| TRY IT |
Look below for the line that has "Rocky spur with". Set down the lines from there through the line that has "2018 Jeep Compass", exactly as written.

Web page caption snippets
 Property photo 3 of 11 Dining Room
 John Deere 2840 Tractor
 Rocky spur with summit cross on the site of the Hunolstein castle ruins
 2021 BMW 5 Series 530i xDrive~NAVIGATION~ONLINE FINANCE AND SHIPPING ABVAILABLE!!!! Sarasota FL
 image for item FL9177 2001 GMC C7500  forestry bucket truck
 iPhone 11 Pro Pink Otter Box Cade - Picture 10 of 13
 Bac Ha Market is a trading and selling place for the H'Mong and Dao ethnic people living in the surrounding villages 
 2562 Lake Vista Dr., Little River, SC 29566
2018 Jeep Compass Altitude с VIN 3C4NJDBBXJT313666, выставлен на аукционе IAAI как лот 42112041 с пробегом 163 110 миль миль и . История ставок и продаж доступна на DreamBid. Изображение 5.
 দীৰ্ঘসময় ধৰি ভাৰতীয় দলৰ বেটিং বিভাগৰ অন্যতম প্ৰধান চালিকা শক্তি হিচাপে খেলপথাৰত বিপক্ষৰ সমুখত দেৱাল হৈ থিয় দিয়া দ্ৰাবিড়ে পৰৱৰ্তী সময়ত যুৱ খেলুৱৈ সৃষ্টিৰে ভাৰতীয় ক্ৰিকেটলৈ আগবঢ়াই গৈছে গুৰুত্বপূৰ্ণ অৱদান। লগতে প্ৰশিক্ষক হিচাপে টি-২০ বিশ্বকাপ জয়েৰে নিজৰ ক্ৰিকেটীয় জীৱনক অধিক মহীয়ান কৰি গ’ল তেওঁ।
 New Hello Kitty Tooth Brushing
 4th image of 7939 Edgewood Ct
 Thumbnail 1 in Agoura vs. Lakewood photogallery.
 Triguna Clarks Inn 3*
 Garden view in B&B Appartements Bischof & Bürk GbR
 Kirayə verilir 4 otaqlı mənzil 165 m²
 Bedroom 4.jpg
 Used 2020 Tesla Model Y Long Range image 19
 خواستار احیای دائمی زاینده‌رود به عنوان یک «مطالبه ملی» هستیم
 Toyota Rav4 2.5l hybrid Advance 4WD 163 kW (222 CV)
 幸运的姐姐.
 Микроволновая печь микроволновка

| TASK OUTPUT |
 Rocky spur with summit cross on the site of the Hunolstein castle ruins
 2021 BMW 5 Series 530i xDrive~NAVIGATION~ONLINE FINANCE AND SHIPPING ABVAILABLE!!!! Sarasota FL
 image for item FL9177 2001 GMC C7500  forestry bucket truck
 iPhone 11 Pro Pink Otter Box Cade - Picture 10 of 13
 Bac Ha Market is a trading and selling place for the H'Mong and Dao ethnic people living in the surrounding villages 
 2562 Lake Vista Dr., Little River, SC 29566
2018 Jeep Compass Altitude с VIN 3C4NJDBBXJT313666, выставлен на аукционе IAAI как лот 42112041 с пробегом 163 110 миль миль и . История ставок и продаж доступна на DreamBid. Изображение 5.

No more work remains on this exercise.